Mille ans de mensonges
Depuis quelques mois, dans le contexte anxiogène des attentats perpétrés par l'État islamique, la théorie du complot s'immisce dans le cerveau des esprits les plus vulnérables, notamment les adolescents. Ces thèses complotistes tentent d'expliquer des événements troublants ou terrifiants. Avec cette question délirante : et si la vérité était ailleurs ? Le phénomène n'est pas nouveau. Il remonte même au Moyen Âge. Mais aujourd'hui, l'accroissement des flux d'information - comme Internet qui charrie indistinctement le vrai, le faux et le douteux - donne aux rumeurs les plus folles une dangereuse visibilité jusqu'ici inconnue. Pierre-André Taguieff, spécialiste du sujet, décrypte la construction et la diffusion de ces croyances.
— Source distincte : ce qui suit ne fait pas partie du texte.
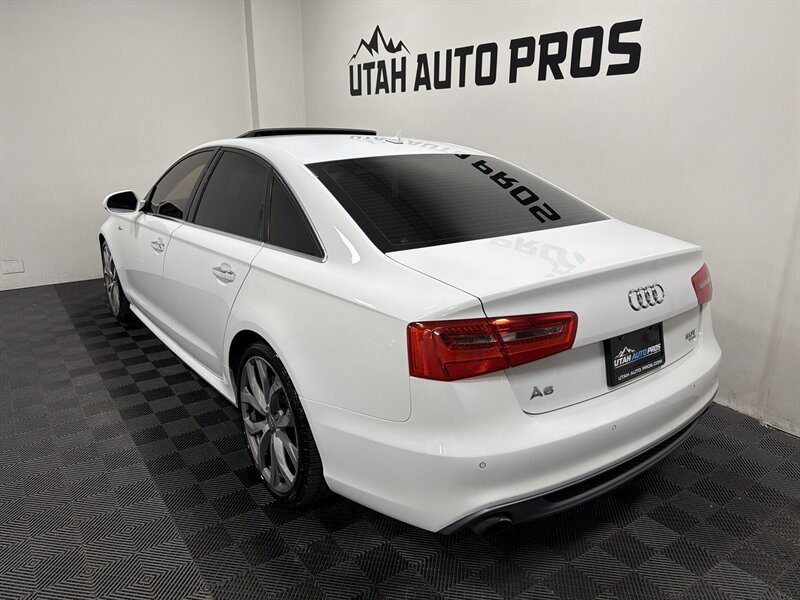 2015 Audi A6 3.0T Premium Plus - Photo 9 - West Bountiful, UT 84087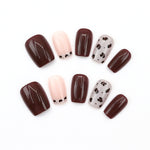 Elegant Minimalist Press-On Nail Set (24pcs) (DESIGN 7531)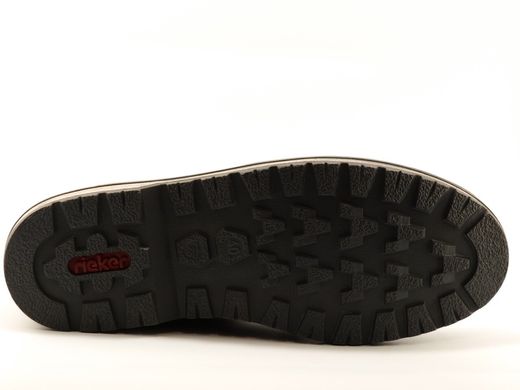 Фотография 6 зимние мужские ботинки RIEKER 39201-02 black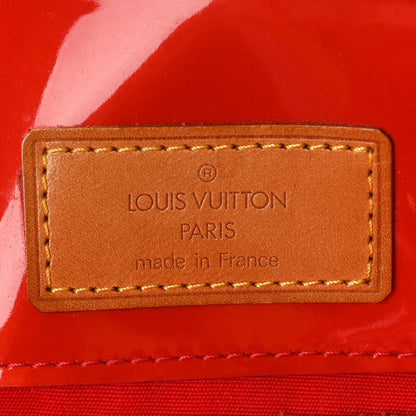 Louis Vuitton Vernis Reade PM Rouge 6 of 10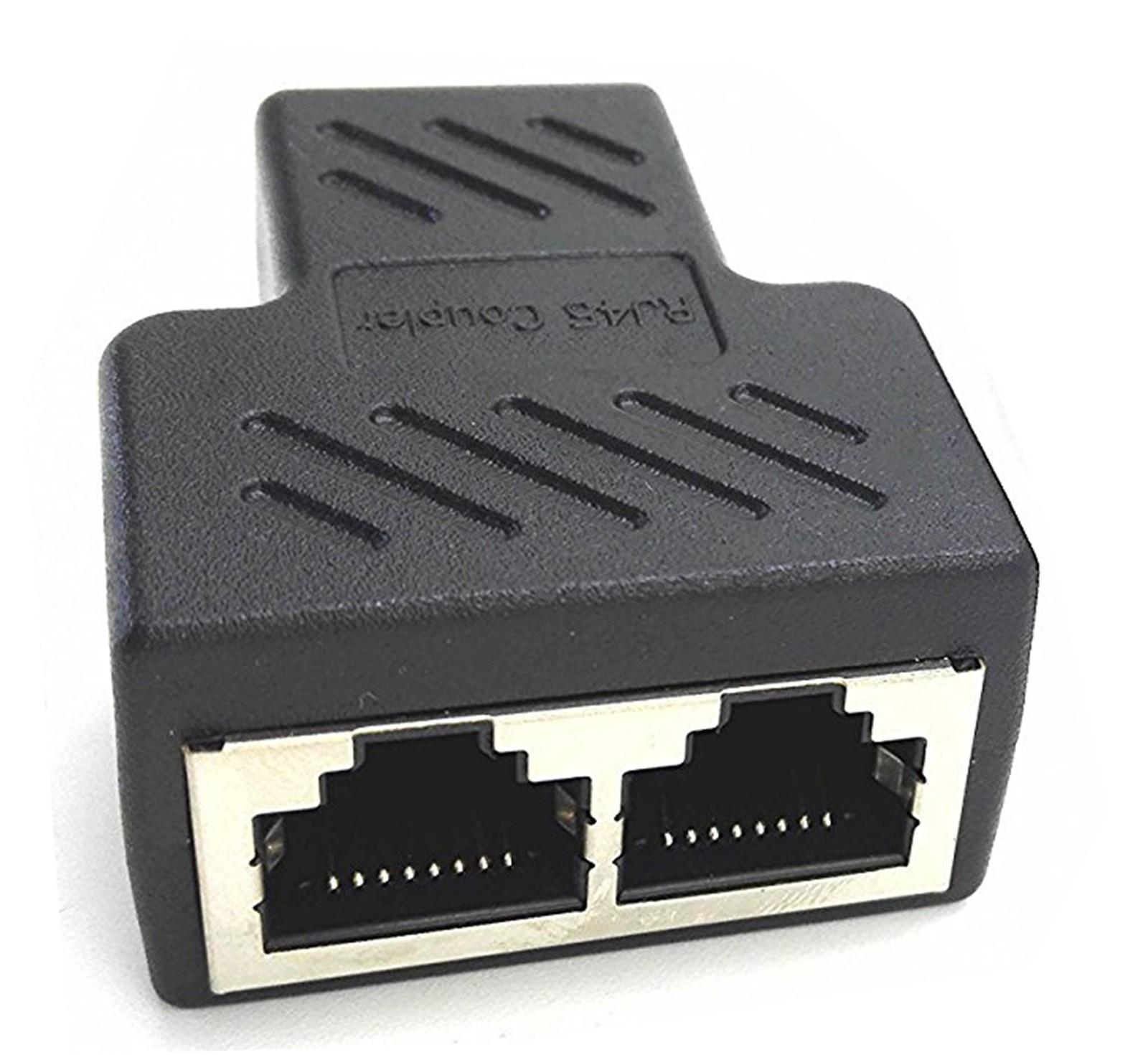zdyCGTime RJ45 Splitter Adapter LAN Connector 1 Female to 2 Female,Suitable f...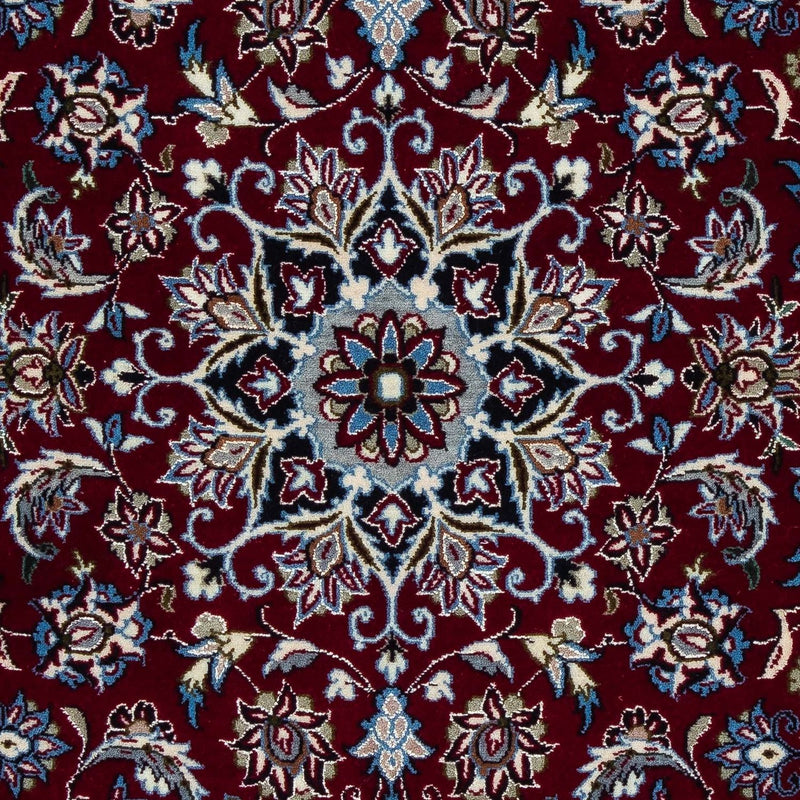 Perzisch tapijt - Isfahan - Premium - 108 x 70 cm - donkerrood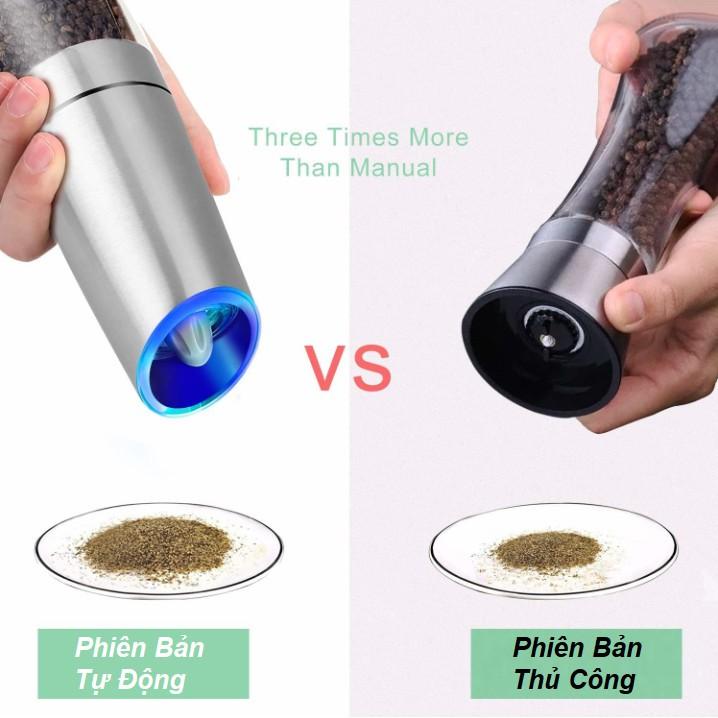 Bộ Máy Xay Gia Vị Vô Trọng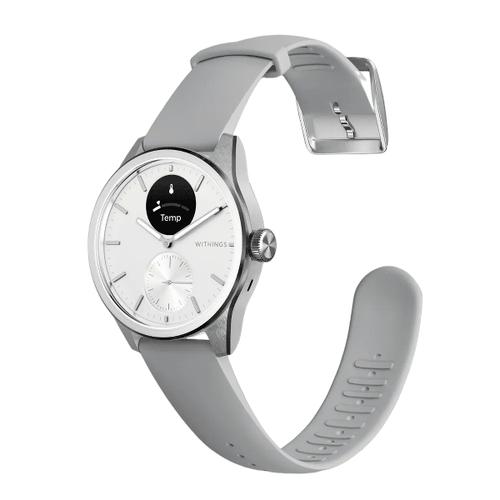 Withings ScanWatch 2 42mm white ECG, blood oxygen saturation, sleep tracking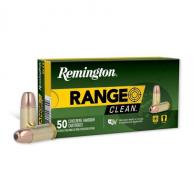 Remington Ammunition Range 9mm 115 gr Flat Nose Enclosed Base (FNEB) 50 Bx/ 10 Cs - 27681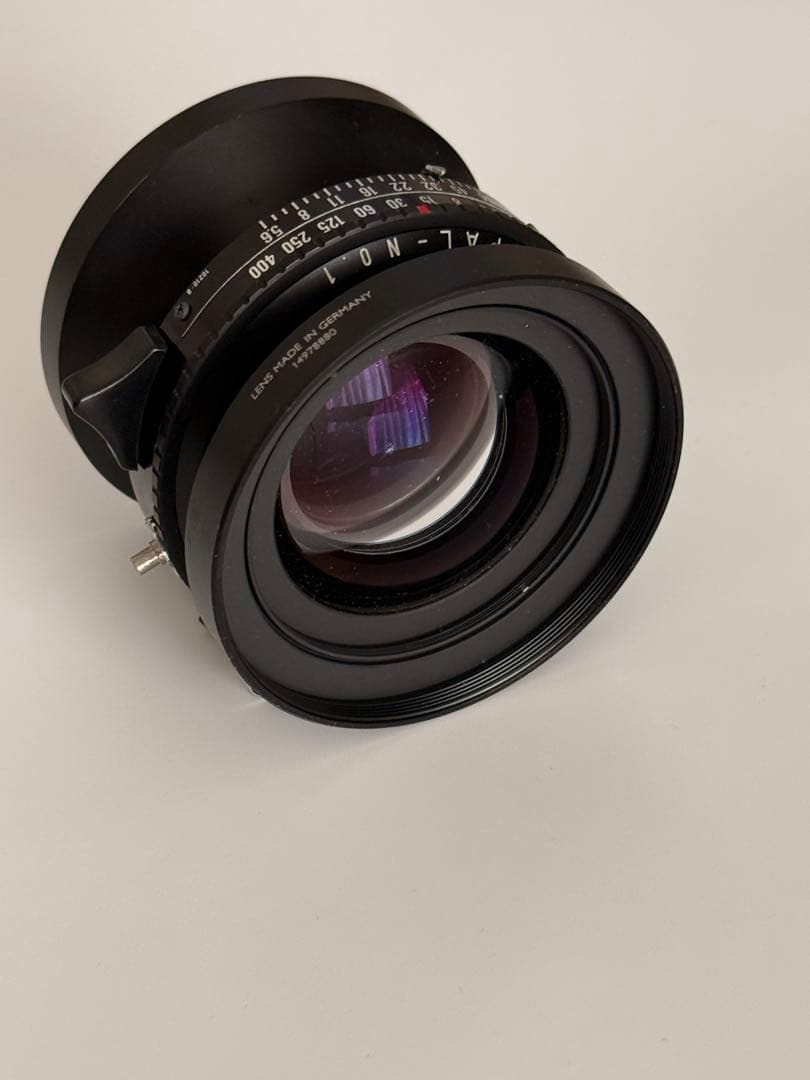 フィルムカメラ Schneider APO SYMMAR 180mm f/5.6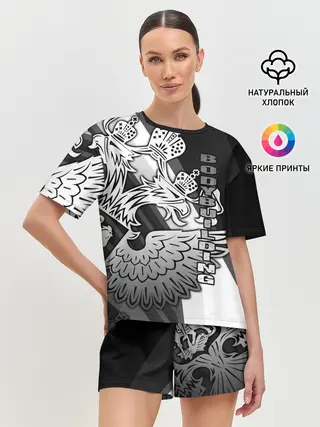 Женская пижама с шортами / Bodybuilding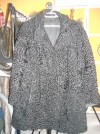 CHAQUETON DE ASTRAKAN NEGRO, 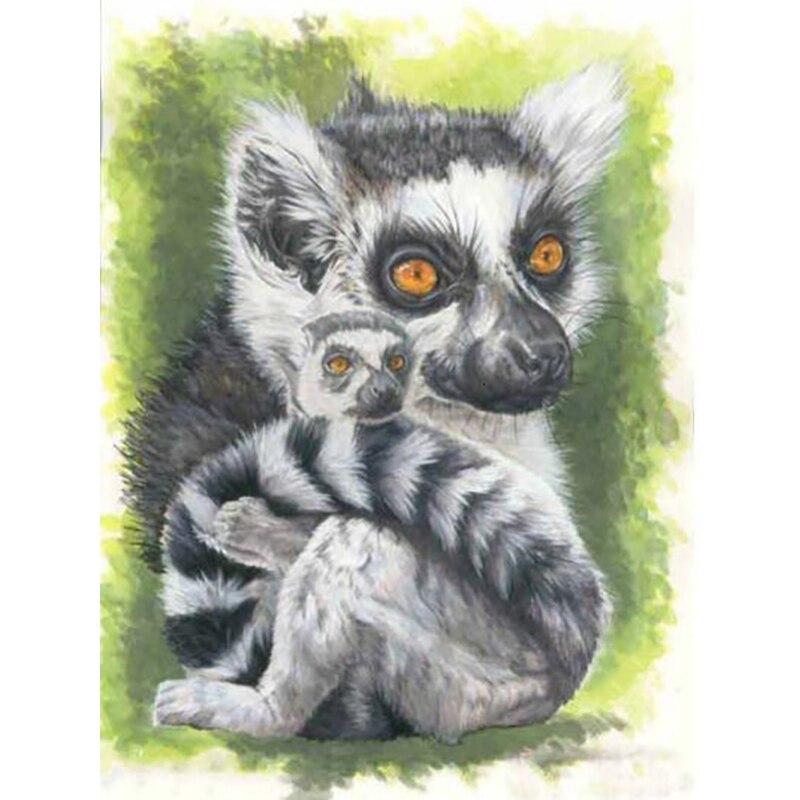 Neues 5D DIY Diamantmalerei Pferd Tiger Diamantstickerei Tier Kreuzstich Vollrunde Bohrer Heimdekor Handwerk Kunst Geschenk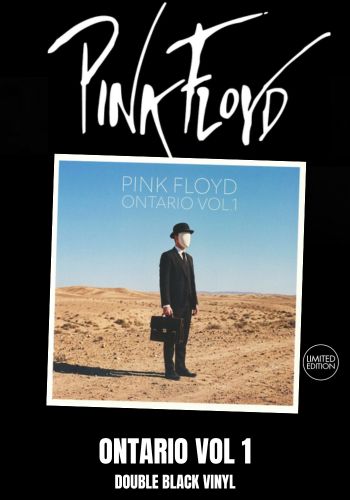 Pink Floyd - Ontario Vol. 1 [2LP] Limited Black Vinyl, Gatefold (import)
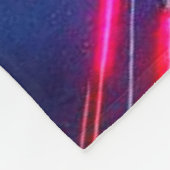 Futuristic Tech Orb Blanket | Komfort Fleecedecke (Ecke)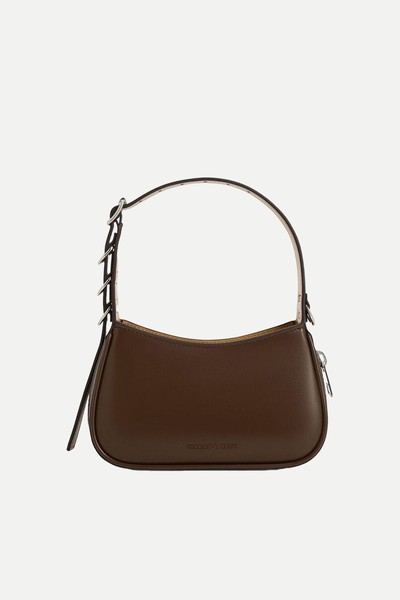 Mini Rebel Hobo Bag from Charles & Keith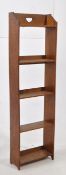 EARLY 20TH CENTURY ARTS & CRAFTS OAK BOOKCASE
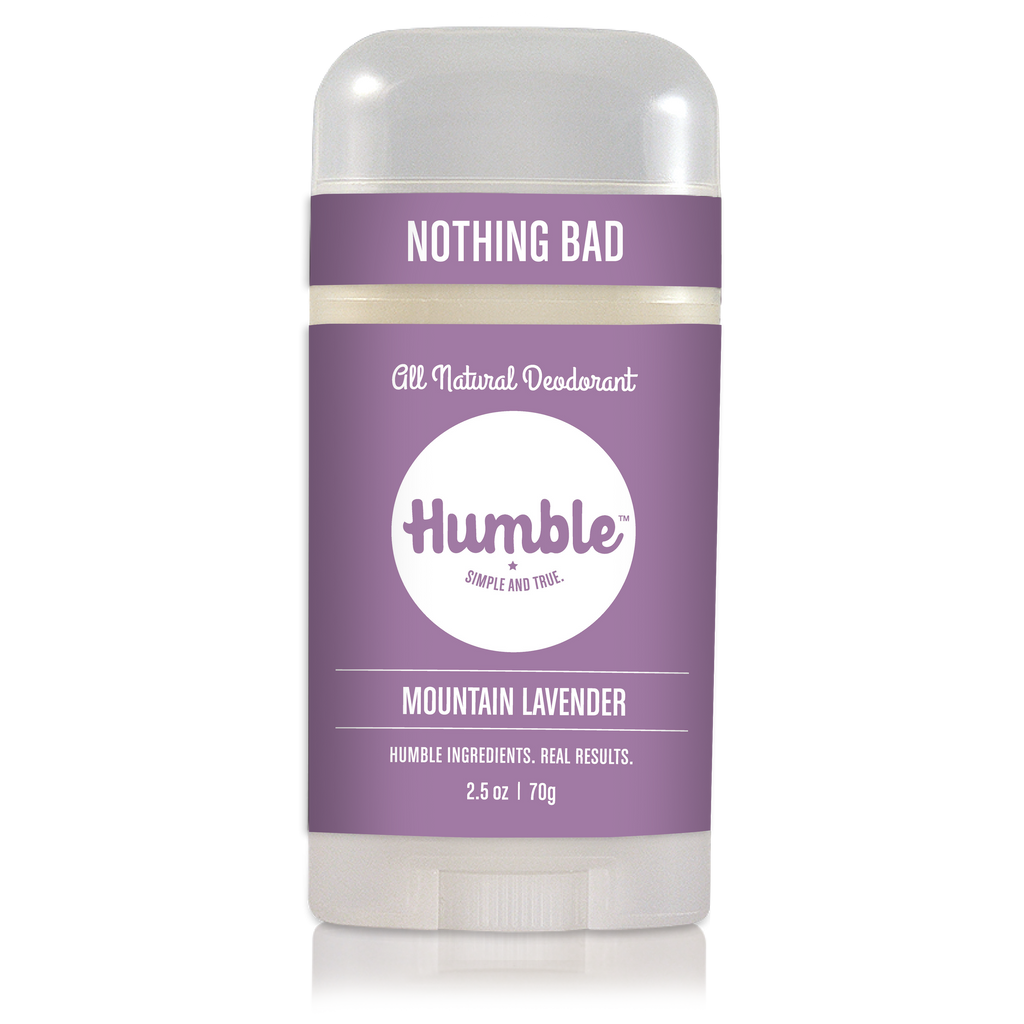 Humble All Natural Deodorant- Multiple Options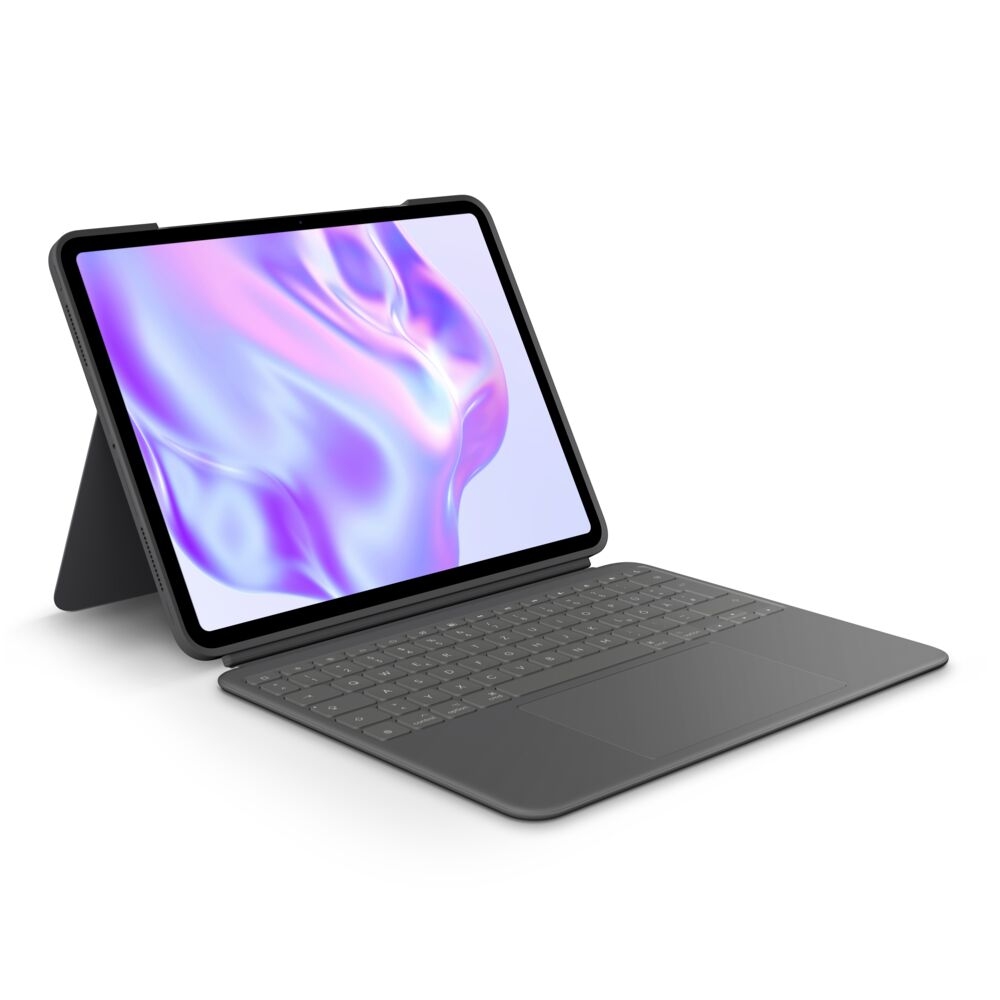 Logitech Combo Touch iPad Pro 11” (M4/M5) Deutsch (QWERTZ)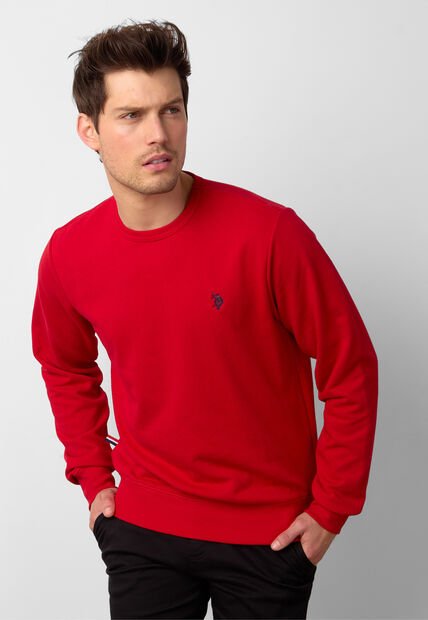Buzo U.S. POLO ASSN. Rojo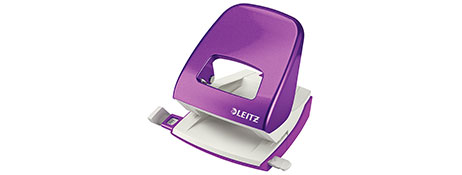 WOW COLOUR METAL PUNCH - 30 SHEET CAPACITY - PURPLE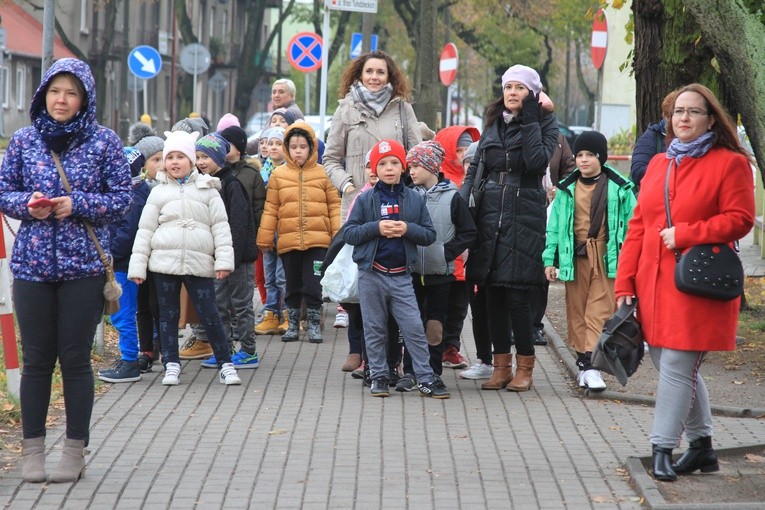 Korowód świętych w Sierpcu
QU'EST-CE QU'UNE THÉORIE DU COMPLOT ?
On entend ordinairement par « théories du complot » les explications naïves - ou supposées telles - qui mettent en scène un groupe ou plusieurs groupes agissant dans l'ombre ou en secret pour réaliser un projet de domination, d'exploitation, de corruption ou d'extermination. Les conspirateurs imaginés sont accusés d'être à l'origine d'événements négatifs, perturbateurs, troublants ou traumatisants dotés d'une signification sociale. Ces événements vont de la catastrophe naturelle, dénoncée comme non naturelle, à la mort accidentelle, jugée douteuse, d'un personnage célèbre, en passant par les épidémies, dont l'origine n'est pas identifiée clairement, les crises économiques, les guerres, les assassinats politiques, les révolutions sanglantes et les attentats terroristes. Les théories du complot s'opposent en général aux thèses officiellement soutenues par les autorités politiques ou les médias.